10 fun facts we bet you didn't know about Thanksgiving

By Saeed Ahmed, CNN
When the guests around your Thanksgiving table are busy stuffing their bellies today, here's one way to break the lull in conversation: dazzle them with some tasty turkey trivia.
Here's 10 to get you started. We bet you they'll eat them up!
1. A tradition is born: TV dinners have Thanksgiving to thank. In 1953, someone at Swanson misjudged the number of frozen turkeys it would sell that Thanksgiving -- by 26 TONS! Some industrious soul came up with a brilliant plan: Why not slice up the meat and repackage with some trimmings on the side?Thus, the first TV dinner was born!
2. Going shopping?: Not if you're a plumber. Black Friday is the busiest day of the year for them, according to Roto-Rooter, the nation's largest plumbing service. After all, someone has to clean up after household guests who "overwhelm the system."
3. This land is my land: There are four places in the U.S. named Turkey. Louisiana's Turkey Creek is the most populous, with a whopping 440 residents. There's also Turkey, Texas; Turkey, North Carolina; and Turkey Creek, Arizona. Oh, let's not forget the two townships in Pennsylvania: the creatively named Upper Turkeyfoot and Lower Turkeyfoot!
4. Leaving a legacy: When Abe Lincoln declared Thanksgiving a national holiday, it was thanks to the tireless efforts of a magazine editor named Sarah Josepha Hale. Her other claim to fame? She also wrote the nursery rhyme, "Mary had a Little Lamb."
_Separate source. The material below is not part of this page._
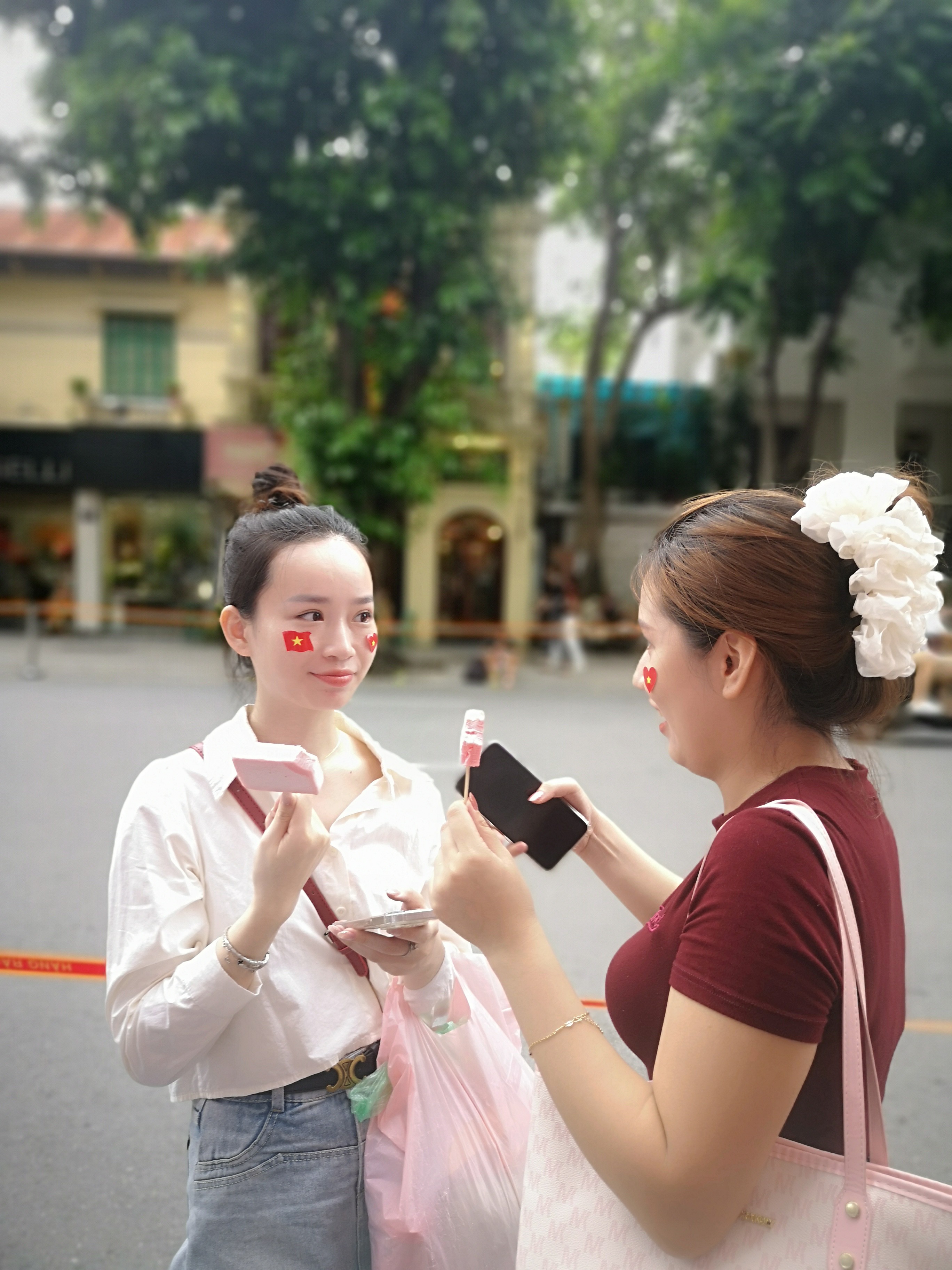 Người dân thưởng thức những chiếc kem mát lạnh.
5. Gobble, gobble?: Not so fast. Only male turkeys, called toms, gobble. Females, called hens, cackle.
6. Have it your way: If Ben Franklin did, the turkey would be our national bird. An eagle, he wrote in a letter to his daughter, had "bad moral character." A turkey, on the other hand, was a "much more respectable bird."
7. Born in the U.S.A.: Thanksgiving is not just an American holiday. Canadians celebrate it too. Except they do it the second Monday in October.
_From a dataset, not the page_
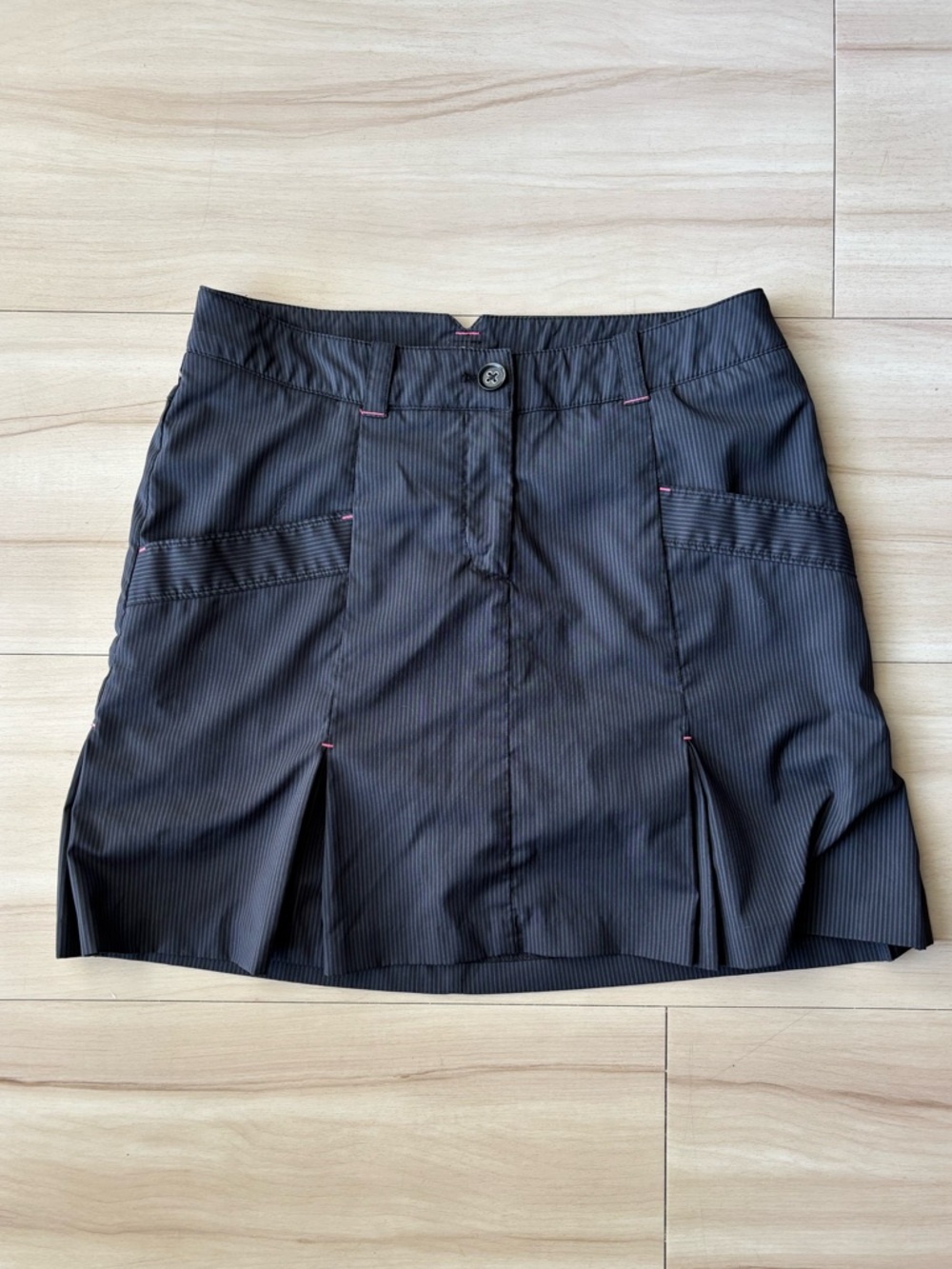 Nike Black Pinstripe Pleated Golf Skirt w Pink Stitching Details - Size 6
8. Break out the menurkeys: The first day of Hanukkah and Thanksgiving came together once for the first time since 1888. Scientists say the confluence won't occur again for another 70,000 years, give or take a millennium.
9. Doomed from birth: Those poor turkeys; they don't stand a chance. Just look at the name we gave them. A turkey less than 12-weeks-old is called a fryer-roaster.
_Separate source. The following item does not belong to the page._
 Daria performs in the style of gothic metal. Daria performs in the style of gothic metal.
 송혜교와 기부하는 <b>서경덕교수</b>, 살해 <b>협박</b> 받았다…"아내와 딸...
10. Talking turkey: Why is it called a turkey? Oh boy, this will take some explainin'. Back in the day, the Europeans took a liking to the guinea fowls imported to the continent. Since the birds were imported by Turkish merchants, the English called them turkeys. Later, when the Spaniards came to America, they found a bird that tasted like those guinea fowls. When they were sent to Europe, the English called these birds "turkeys" as well.